Der Bundesinnungsverband der Gebäudereiniger verwies auf die zahlreichen Belastungen, denen die Betriebe wie auch ihre Auftraggeber ausgesetzt seien: Krieg in Europa, Lieferkettenengpässe, steigende Energiepreise, demografischer Wandel, Unsicherheiten durch die Pandemie.
Nachdem die Tarifkommissionen beider Parteien grünes Licht für die erzielte Einigung gegeben haben, hat auch das Bundesarbeitsministerium den Mindestlohn für das Gebäudereiniger-Handwerk für allgemeinverbindlich erklärt.
Das sieht der neue Mindestlohn-Tarifvertrag vor
Mindestlohn im Gebäudereiniger-Handwerk (Mindestlohn-Tarifvertrag)
Zuvor | Seit Oktober 2022 | Ab Januar 2024 | |
Lohngruppe 1 | 11,55 Euro | 13,00 Euro | 13,50 Euro |
Lohngruppe 6 | 14,81 Euro | 16,20 Euro | 16,70 Euro |
Bei den Lohngruppen 1 und 6 handelt es sich um Mindestlöhne nach dem Arbeitnehmer-Entsendegesetz.
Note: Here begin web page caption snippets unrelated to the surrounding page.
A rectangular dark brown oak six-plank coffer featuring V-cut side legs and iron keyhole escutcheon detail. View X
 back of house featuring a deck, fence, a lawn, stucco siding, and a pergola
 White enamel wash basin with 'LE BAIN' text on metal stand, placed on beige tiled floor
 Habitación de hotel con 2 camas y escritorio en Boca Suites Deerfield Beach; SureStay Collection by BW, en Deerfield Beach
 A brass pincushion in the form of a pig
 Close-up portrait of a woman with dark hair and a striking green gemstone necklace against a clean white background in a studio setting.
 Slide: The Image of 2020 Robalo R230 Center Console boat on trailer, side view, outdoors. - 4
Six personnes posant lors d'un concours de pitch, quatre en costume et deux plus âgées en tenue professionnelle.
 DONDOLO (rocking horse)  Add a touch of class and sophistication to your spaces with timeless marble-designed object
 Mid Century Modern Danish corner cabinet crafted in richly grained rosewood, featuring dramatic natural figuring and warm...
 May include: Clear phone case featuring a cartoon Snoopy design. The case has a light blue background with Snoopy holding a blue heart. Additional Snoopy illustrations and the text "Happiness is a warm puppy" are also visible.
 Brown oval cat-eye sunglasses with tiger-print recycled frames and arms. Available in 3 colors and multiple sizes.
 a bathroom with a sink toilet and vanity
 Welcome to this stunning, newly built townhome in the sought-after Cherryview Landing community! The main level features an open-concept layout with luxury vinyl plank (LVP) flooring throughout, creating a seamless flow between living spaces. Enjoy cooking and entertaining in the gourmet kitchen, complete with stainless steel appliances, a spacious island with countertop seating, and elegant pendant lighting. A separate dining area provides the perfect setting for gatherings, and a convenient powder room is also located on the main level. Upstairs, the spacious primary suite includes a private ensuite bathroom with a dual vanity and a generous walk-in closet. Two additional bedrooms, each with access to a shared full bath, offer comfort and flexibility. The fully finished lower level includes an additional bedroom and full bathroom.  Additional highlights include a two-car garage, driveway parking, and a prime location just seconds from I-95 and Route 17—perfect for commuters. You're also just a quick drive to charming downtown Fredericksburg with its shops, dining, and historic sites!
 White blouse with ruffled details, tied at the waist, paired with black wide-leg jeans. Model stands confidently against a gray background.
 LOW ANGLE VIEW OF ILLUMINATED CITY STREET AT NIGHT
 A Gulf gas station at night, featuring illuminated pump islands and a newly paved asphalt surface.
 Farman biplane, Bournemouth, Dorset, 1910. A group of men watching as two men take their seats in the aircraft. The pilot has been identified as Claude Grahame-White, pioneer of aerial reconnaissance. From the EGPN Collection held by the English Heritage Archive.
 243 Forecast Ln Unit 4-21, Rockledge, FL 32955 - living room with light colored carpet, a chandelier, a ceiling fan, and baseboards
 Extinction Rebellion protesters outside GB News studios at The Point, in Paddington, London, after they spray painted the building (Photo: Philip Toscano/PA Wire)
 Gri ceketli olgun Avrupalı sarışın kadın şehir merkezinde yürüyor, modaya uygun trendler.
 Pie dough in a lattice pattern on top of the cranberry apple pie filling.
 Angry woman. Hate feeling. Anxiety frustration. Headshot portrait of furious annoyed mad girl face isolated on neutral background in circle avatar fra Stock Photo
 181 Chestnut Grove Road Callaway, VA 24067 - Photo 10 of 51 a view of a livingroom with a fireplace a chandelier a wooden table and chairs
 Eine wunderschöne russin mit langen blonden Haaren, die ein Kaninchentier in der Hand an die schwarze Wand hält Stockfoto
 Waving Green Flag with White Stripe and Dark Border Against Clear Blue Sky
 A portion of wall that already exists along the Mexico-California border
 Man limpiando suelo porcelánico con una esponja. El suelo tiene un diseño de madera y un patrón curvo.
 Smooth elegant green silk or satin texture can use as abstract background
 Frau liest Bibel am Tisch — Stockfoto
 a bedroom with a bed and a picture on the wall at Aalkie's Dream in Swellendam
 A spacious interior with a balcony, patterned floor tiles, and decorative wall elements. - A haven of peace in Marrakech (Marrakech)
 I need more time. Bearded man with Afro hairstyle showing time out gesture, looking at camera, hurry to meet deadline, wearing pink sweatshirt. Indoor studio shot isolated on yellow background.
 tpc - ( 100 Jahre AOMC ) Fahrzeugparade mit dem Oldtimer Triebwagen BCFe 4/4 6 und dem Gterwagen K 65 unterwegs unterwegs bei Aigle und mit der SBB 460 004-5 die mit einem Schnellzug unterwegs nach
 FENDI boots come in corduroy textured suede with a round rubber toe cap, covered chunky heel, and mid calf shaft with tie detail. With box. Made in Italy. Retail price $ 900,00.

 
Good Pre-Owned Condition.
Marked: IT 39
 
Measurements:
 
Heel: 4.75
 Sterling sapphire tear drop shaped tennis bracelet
Sie sind im Mindestlohn-Tarifvertrag geregelt. Sobald sie vom Bundesarbeitsministerium für allgemeinverbindlich erklärt werden, gelten die Branchenmindestlöhne auch für nicht tarifgebundene Arbeitgeber und Arbeitnehmer, einschließlich der nach Deutschland entsandten Beschäftigten von Arbeitgebern im Gebäudereiniger-Handwerk mit Sitz im Ausland. Er gilt dann als gesetzlicher Branchenmindestlohn zwingend für alle Betriebe des Gebäudereiniger-Handwerks – unabhängig von einer Mitgliedschaft in Verbänden oder Gewerkschaften. Der Anspruch auf den Mindestlohn der Lohngruppe 1 stünde somit auch den Arbeitnehmern mindestens zu, die gemäß des Rahmentarifvertrags Gebäudereinigung in der jeweils gültigen Fassung aufgrund ihrer Tätigkeiten in die Lohngruppen 2, 3 oder 4 (Lohngruppe 5 entfallen), der Anspruch auf den Mindestlohn der Lohngruppe 6 auch denjenigen Arbeitnehmern, die gemäß Rahmentarifvertrag Gebäudereinigung in der jeweils gültigen Fassung aufgrund ihrer Tätigkeiten in die Lohngruppen 7 oder höher, einzugruppieren sind.